▶ [Directions]: For the entries below, print exactly the lines between the line holding "Grammy awards 2023 jurken" and the line holding "Travel Impressions", inclusive, and nothing else.

▶ [The data]:
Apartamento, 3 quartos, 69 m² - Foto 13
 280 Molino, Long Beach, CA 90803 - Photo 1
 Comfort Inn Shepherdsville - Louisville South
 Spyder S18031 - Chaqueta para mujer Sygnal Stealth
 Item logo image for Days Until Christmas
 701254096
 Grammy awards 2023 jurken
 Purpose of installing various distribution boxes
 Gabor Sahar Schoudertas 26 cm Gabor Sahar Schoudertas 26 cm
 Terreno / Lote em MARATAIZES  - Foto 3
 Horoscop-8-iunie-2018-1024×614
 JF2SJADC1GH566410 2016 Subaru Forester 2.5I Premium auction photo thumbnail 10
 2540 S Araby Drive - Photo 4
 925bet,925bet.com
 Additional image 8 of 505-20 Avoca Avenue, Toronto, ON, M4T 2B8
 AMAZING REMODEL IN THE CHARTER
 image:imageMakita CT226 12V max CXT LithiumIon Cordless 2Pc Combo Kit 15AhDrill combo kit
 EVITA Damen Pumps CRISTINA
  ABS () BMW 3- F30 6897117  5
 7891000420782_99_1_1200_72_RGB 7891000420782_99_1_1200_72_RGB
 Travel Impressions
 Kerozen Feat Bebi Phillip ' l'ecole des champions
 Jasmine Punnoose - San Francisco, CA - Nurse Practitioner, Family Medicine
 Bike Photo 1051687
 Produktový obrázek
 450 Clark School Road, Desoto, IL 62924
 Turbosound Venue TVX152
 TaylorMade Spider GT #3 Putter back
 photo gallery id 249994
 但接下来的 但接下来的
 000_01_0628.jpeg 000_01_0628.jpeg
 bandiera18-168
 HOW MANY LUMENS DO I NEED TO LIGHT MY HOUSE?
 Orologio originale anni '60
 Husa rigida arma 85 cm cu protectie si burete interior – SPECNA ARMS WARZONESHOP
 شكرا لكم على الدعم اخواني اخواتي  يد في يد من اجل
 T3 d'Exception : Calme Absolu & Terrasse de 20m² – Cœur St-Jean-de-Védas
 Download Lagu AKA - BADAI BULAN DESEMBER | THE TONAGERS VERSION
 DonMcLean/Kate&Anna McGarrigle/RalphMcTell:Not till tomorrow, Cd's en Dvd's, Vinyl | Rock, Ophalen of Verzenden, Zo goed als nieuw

▶ [Output for this task]:
 Grammy awards 2023 jurken
 Purpose of installing various distribution boxes
 Gabor Sahar Schoudertas 26 cm Gabor Sahar Schoudertas 26 cm
 Terreno / Lote em MARATAIZES  - Foto 3
 Horoscop-8-iunie-2018-1024×614
 JF2SJADC1GH566410 2016 Subaru Forester 2.5I Premium auction photo thumbnail 10
 2540 S Araby Drive - Photo 4
 925bet,925bet.com
 Additional image 8 of 505-20 Avoca Avenue, Toronto, ON, M4T 2B8
 AMAZING REMODEL IN THE CHARTER
 image:imageMakita CT226 12V max CXT LithiumIon Cordless 2Pc Combo Kit 15AhDrill combo kit
 EVITA Damen Pumps CRISTINA
  ABS () BMW 3- F30 6897117  5
 7891000420782_99_1_1200_72_RGB 7891000420782_99_1_1200_72_RGB
 Travel Impressions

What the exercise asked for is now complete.